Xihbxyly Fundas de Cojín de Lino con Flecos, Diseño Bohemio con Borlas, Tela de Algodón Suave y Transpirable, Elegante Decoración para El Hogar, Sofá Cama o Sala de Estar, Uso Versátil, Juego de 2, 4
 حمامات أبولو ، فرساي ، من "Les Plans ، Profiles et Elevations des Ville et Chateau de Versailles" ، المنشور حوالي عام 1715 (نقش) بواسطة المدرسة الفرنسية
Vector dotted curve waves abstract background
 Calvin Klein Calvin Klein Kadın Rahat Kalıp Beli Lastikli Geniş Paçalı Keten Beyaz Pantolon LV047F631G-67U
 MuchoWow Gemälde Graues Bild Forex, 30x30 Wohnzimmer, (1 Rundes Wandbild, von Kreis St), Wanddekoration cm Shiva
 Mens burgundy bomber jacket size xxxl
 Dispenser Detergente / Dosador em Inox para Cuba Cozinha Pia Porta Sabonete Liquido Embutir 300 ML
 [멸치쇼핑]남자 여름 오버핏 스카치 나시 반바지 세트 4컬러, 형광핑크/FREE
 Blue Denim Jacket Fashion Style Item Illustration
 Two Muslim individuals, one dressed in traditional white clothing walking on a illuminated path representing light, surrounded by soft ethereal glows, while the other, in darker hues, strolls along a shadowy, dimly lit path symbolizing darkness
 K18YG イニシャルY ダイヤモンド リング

WORK REQUIRED:
Determine the number of lines in the entries above where the string "para" appears. Answer with the number alone.

EXERCISE OUTPUT:
2